Their paper “Climate Change and Rainfall Intensity–Duration–Frequency Curves: Overview of Science and Guidelines for Adaptation,” published in the Journal of Hydrologic Engineering, also assesses how their findings will include IDF curves in the future, as well as proposes a nonstationarity model of IDF curves that is easily accessible for different regions of the world for design and operational purposes.

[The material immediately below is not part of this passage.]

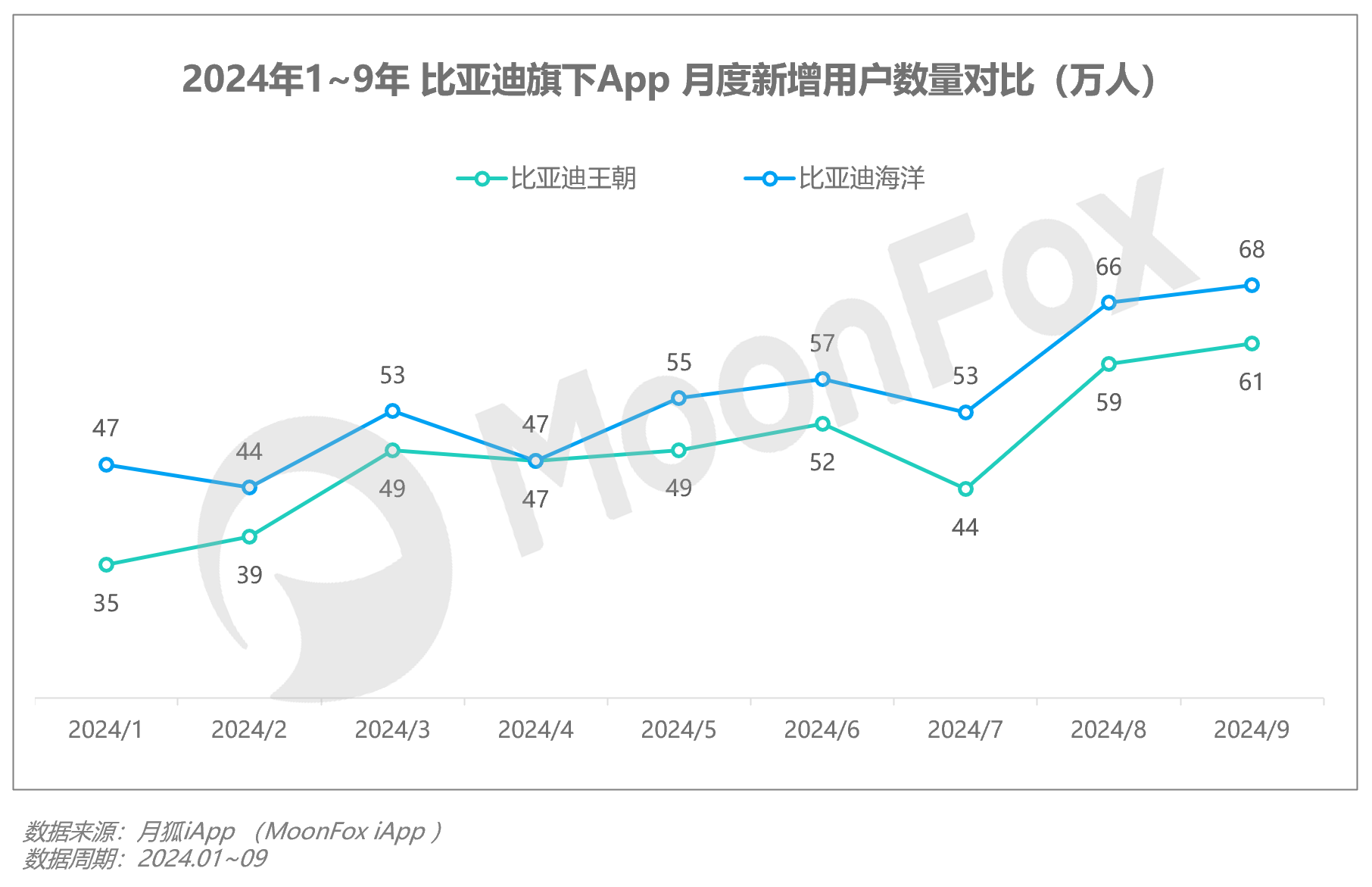 2024年Q3移动互联网行业数据研究报告(图19)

They discuss the scientific gaps, current governmental guidelines, and provide recommendations to adapt IDF curves for infrastructure design. Learn about their results in the abstract below or by reading the full paper in the ASCE Library: https://doi.org/10.1061/(ASCE)HE.1943-5584.0002122

Want to know more? See ASCE’s latest book on climate change, Impacts of Future Weather and Climate Extremes on United States Infrastructure: Assessing and Prioritizing Adaptation Actions, which summarizes the likely changes in various extreme meteorological and hydrological events and assesses the vulnerabilities of infrastructure within critical sectors and their collective interdependencies.

Abstract

One of the most important impacts of a future warmer climate is the projected increase in the frequency and intensity of extreme rainfall events. This increasing trend in extreme rainfall is seen in both the observational record and climate model projections. However, a thorough review of the recent scientific literature paints a complex picture in which the intensification of rainfall extremes depends on a multitude of factors. While some projected rainfall indices follow the Clausius-Clapeyron relationship scaling of a ~7% increase in rainfall per 1°C of warming, there is substantial evidence that this scaling depends on rainfall extremes frequency, with longer return period events seeing larger increases, leading to super Clausius-Clapeyron scaling in some cases. The intensification of extreme rainfall events is now well documented at the daily scale but is less clear at the subdaily scale. In recent years, climate model simulations at a finer spatial and temporal resolution, including convection-permitting models, have provided more reliable projections of subdaily rainfall. Recent analyses indicate that rainfall scaling may also increase as a function of duration, such that shorter-duration, longer return period events will likely see the largest rainfall increases in a warmer climate. This has broad implications on the design and the use of rainfall intensity–duration–frequency (IDF) curves, for which both an overall increase in magnitude and a steepening can now be predicted. This paper also presents an overview of measures that have been adopted by various governing bodies to adapt IDF curves to the changing climate. Current measures vary from multiplying historical design rainfall by a simple constant percentage to modulating correction factors based on return periods and to scaling them to the Clausius-Clapeyron relationship based on projected temperature increases. All of these current measures fail to recognize a possible super Clausius-Clapeyron scaling of extreme rainfall and, perhaps more importantly, the increasing scaling toward shorter-duration rainfall and the most extreme rainfall events that will significantly impact stormwater runoff in cities and in small rural catchments. This paper discusses the remaining scientific gaps and offers technical recommendations for practitioners on how to adapt IDF curves to improve climate resilience.